Clive offered her a frozen half-smile. He knew all too well that Carnella was plotting against him, awaiting the moment that his defences were down and she could pry the rod of power from his clutches. He didn’t let on though; not while the deposed queen still had her uses. Only when his monster was big enough to eclipse the sun would he grind her puny, broken body into its flesh.
As he thought of this he was struck by a tight knot of pain above his left eye. He strangled a yelp. The pain was getting worse. It felt like a splinter in his brain.
THEY SAY EVERYONE is the hero of their own story, but Drensila the Black knew better. Hers was a horror story, and she was its monster.
Now, thanks to Nat Lawler, she was a monster without a home. She’d been walking in a straight line for days, one foot in front of the other, no path in mind, no destination to speak of. She knew precious little of the land she traversed – its roads, its rivers or its townships. To her, the land was an abstract thing; not a place but an empire. Its features were of no interest to her, nor were its people. The only thing that mattered was that they were hers to rule.

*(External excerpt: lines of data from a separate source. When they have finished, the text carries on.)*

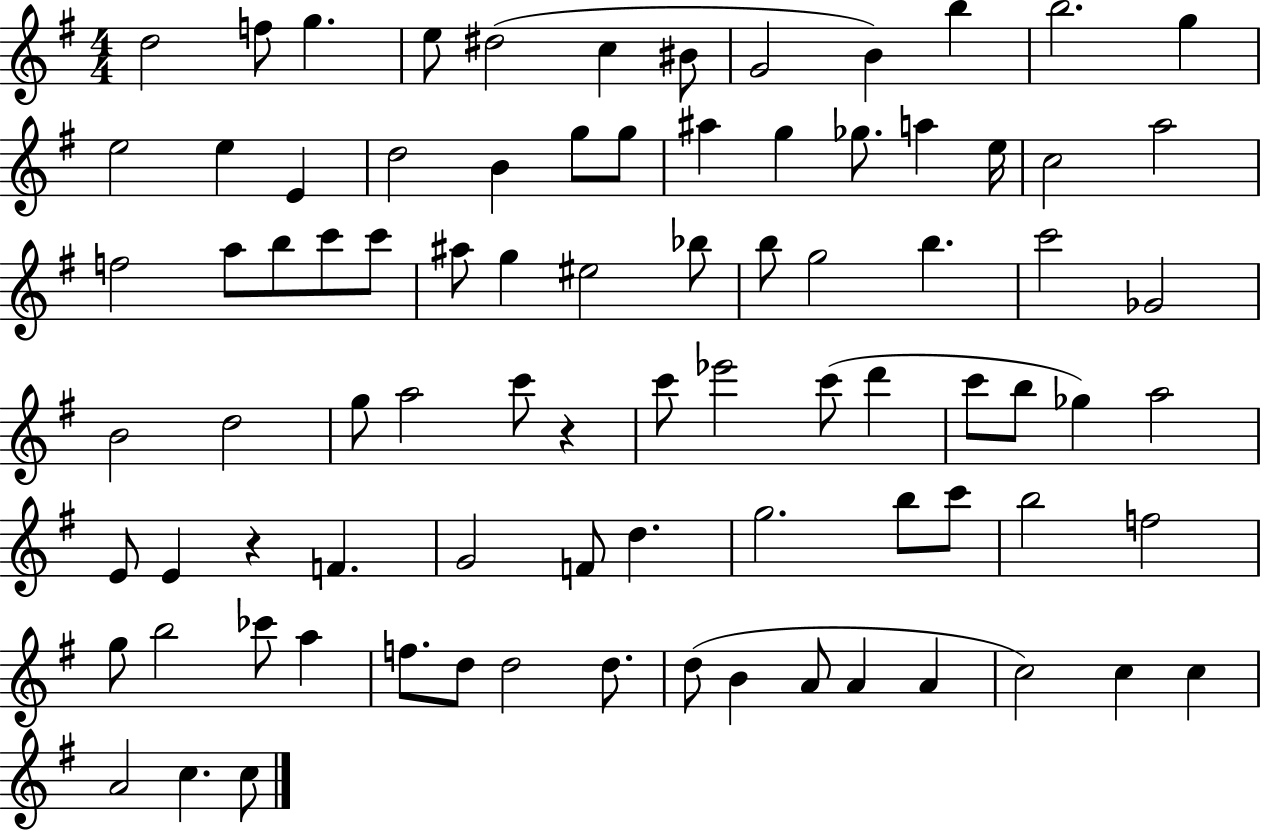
{
  \clef treble
  \numericTimeSignature
  \time 4/4
  \key g \major
  \repeat volta 2 { d''2 f''8 g''4. | e''8 dis''2( c''4 bis'8 | g'2 b'4) b''4 | b''2. g''4 | \break e''2 e''4 e'4 | d''2 b'4 g''8 g''8 | ais''4 g''4 ges''8. a''4 e''16 | c''2 a''2 | \break f''2 a''8 b''8 c'''8 c'''8 | ais''8 g''4 eis''2 bes''8 | b''8 g''2 b''4. | c'''2 ges'2 | \break b'2 d''2 | g''8 a''2 c'''8 r4 | c'''8 ees'''2 c'''8( d'''4 | c'''8 b''8 ges''4) a''2 | \break e'8 e'4 r4 f'4. | g'2 f'8 d''4. | g''2. b''8 c'''8 | b''2 f''2 | \break g''8 b''2 ces'''8 a''4 | f''8. d''8 d''2 d''8. | d''8( b'4 a'8 a'4 a'4 | c''2) c''4 c''4 | \break a'2 c''4. c''8 | } \bar "|."
}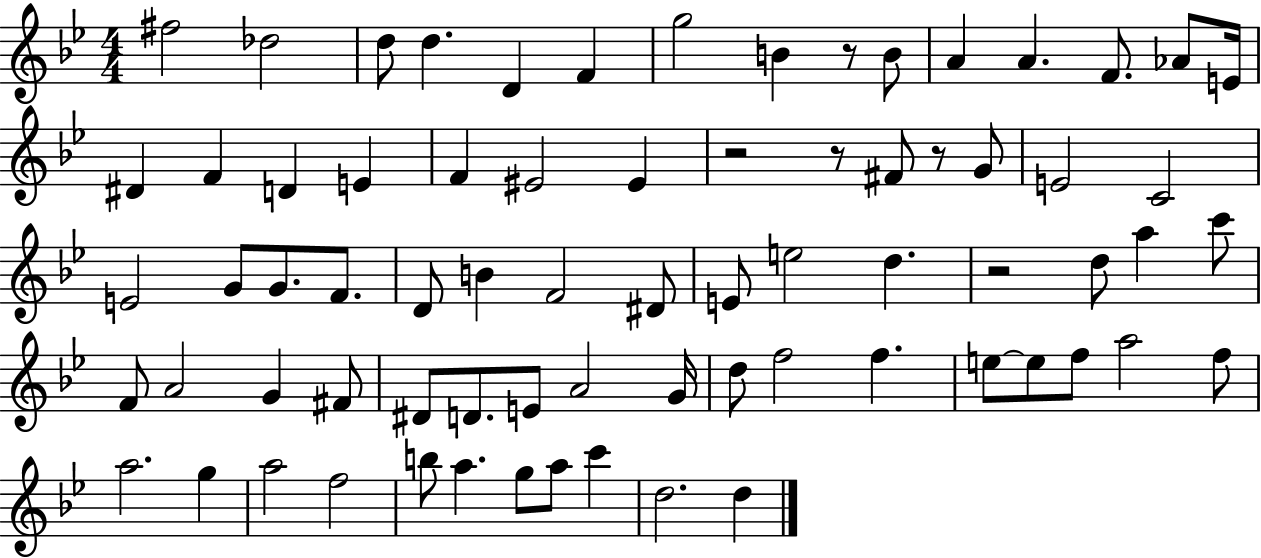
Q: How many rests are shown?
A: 5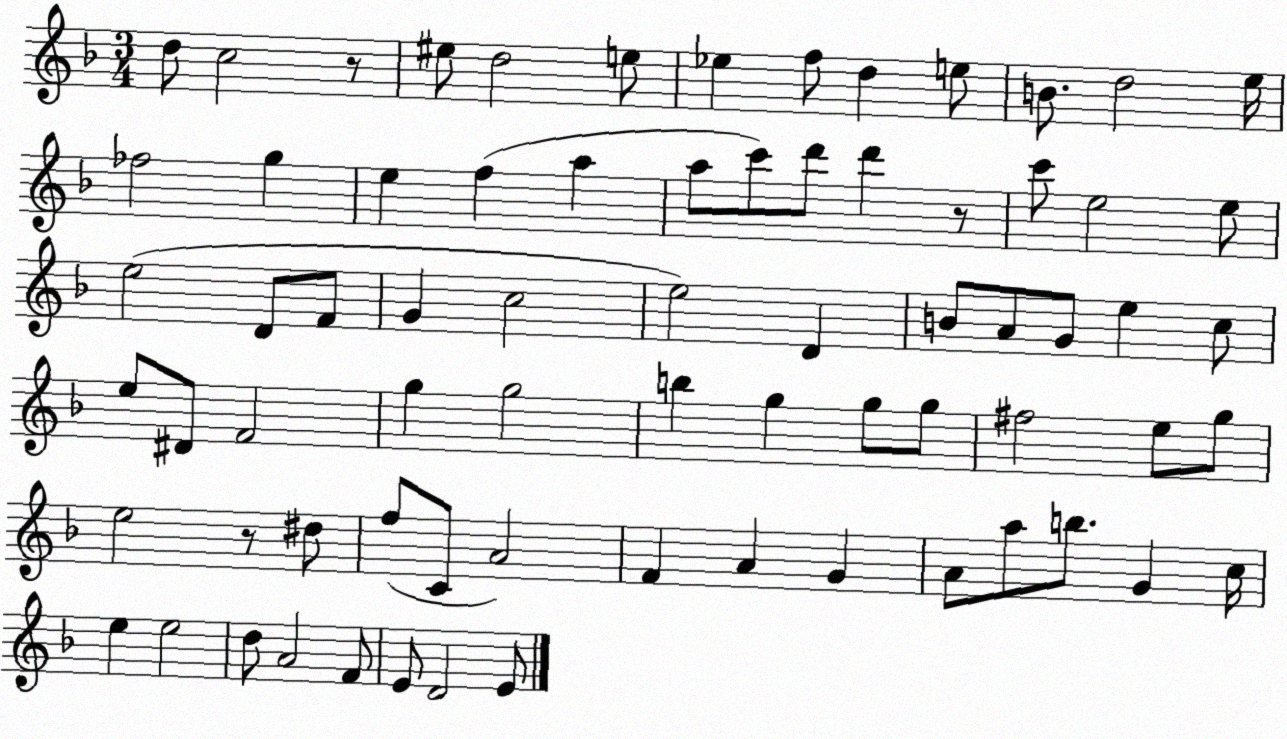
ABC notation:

X:1
T:Untitled
M:3/4
L:1/4
K:F
d/2 c2 z/2 ^e/2 d2 e/2 _e f/2 d e/2 B/2 d2 e/4 _f2 g e f a a/2 c'/2 d'/2 d' z/2 c'/2 e2 e/2 e2 D/2 F/2 G c2 e2 D B/2 A/2 G/2 e c/2 e/2 ^D/2 F2 g g2 b g g/2 g/2 ^f2 e/2 g/2 e2 z/2 ^d/2 f/2 C/2 A2 F A G A/2 a/2 b/2 G c/4 e e2 d/2 A2 F/2 E/2 D2 E/2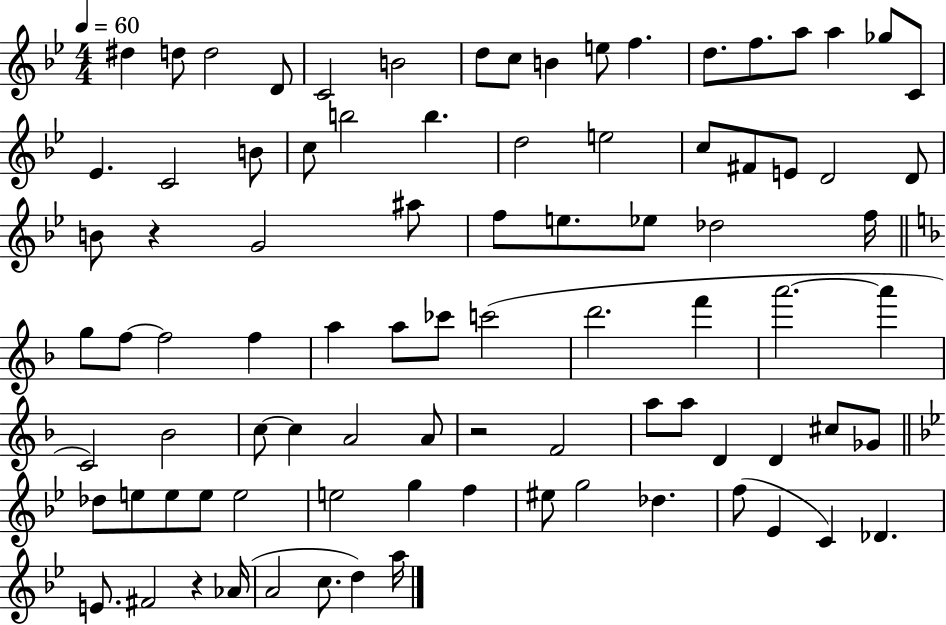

Now the land had turned against Drensila. Forced her to roam upon it aimlessly, suffering the elements, a friend to no one. Even her once-mighty army, the scattered remnants of which she’d spy at a distance as she meandered across the countryside, were a threat to her now.
She’d been walking for three days before she had her first run-in with her former soldiers. She was climbing a hill when she heard sharp screams from the other side, then saw figures appear over its brow. Halflings. Hundreds of terrified halflings, running in her direction. After that came the trolls, five of them, ink black, emerging behind the fleeing figures like long, sundown shadows. They were in no rush. They were taking their time, keeping up with the halflings in slow, easy strides.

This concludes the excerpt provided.